_PROBLEM REQUIREMENTS_. What you submit must be an exact copy of the listing below, with no images in it.

_GIVEN INFORMATION_.
# # # # # # #
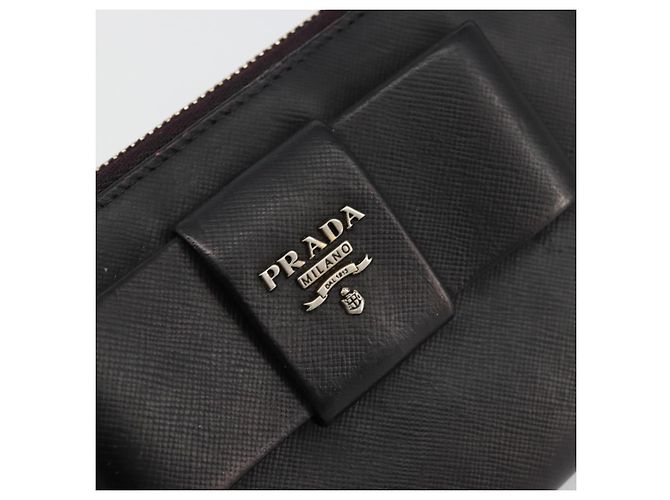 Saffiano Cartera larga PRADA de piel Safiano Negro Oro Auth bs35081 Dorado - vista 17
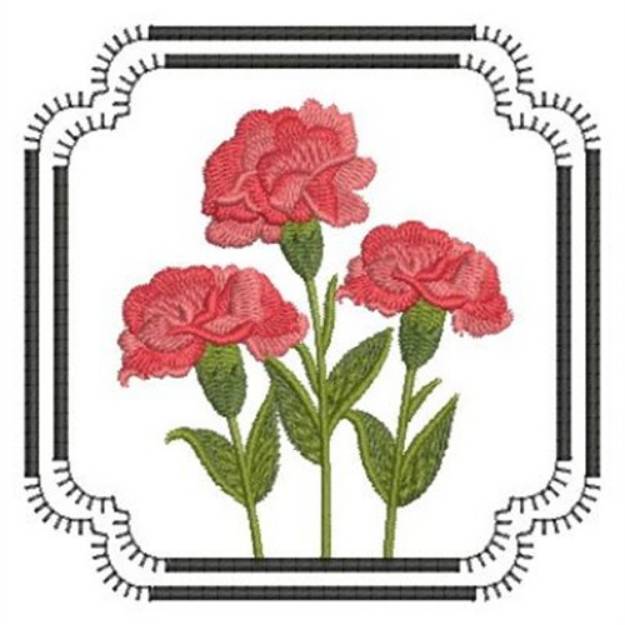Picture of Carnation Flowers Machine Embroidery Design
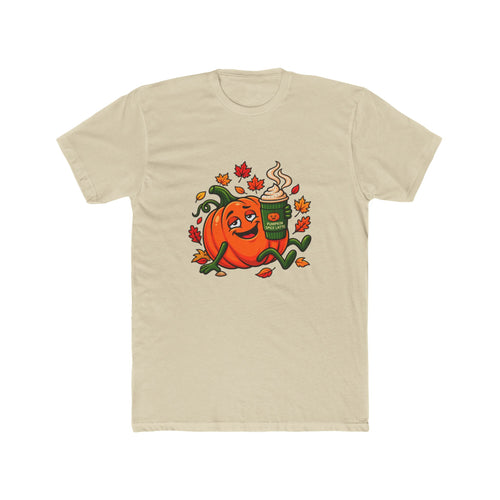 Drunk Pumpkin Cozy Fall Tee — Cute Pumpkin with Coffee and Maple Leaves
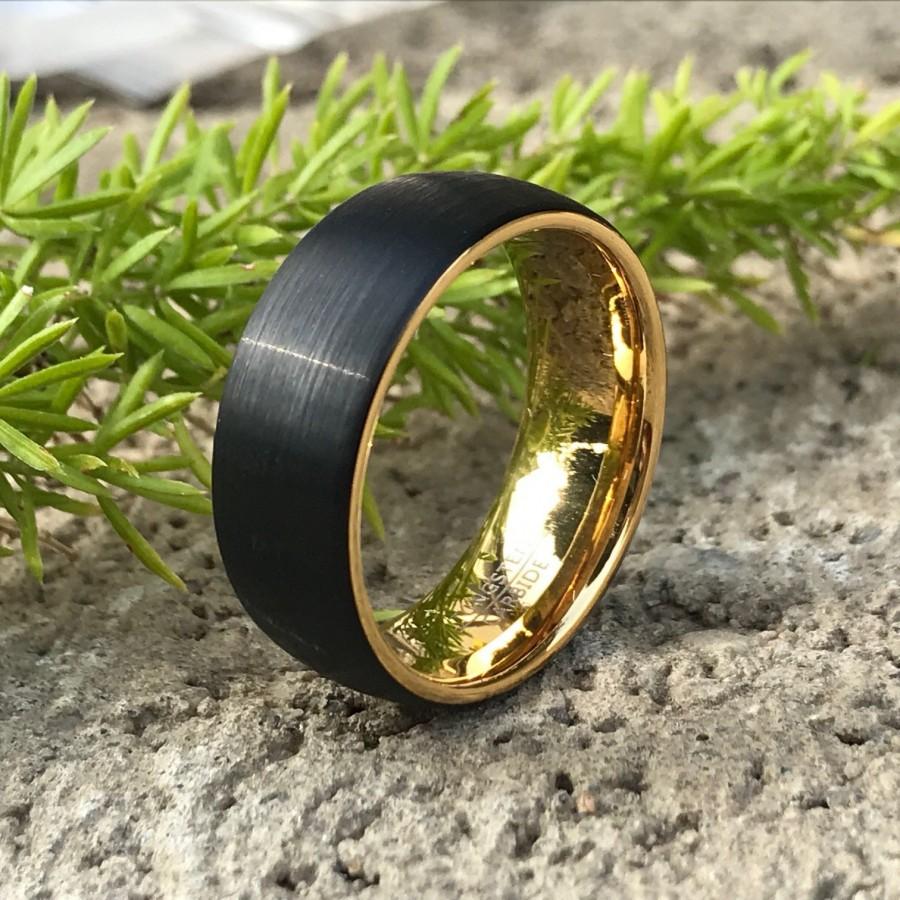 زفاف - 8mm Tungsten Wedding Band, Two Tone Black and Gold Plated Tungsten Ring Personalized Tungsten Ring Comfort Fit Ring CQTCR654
# # # # # # #
_EXERCISE OUTPUT_.
 Saffiano Cartera larga PRADA de piel Safiano Negro Oro Auth bs35081 Dorado - vista 17
Picture of Carnation Flowers Machine Embroidery Design
 Drunk Pumpkin Cozy Fall Tee — Cute Pumpkin with Coffee and Maple Leaves
 زفاف - 8mm Tungsten Wedding Band, Two Tone Black and Gold Plated Tungsten Ring Personalized Tungsten Ring Comfort Fit Ring CQTCR654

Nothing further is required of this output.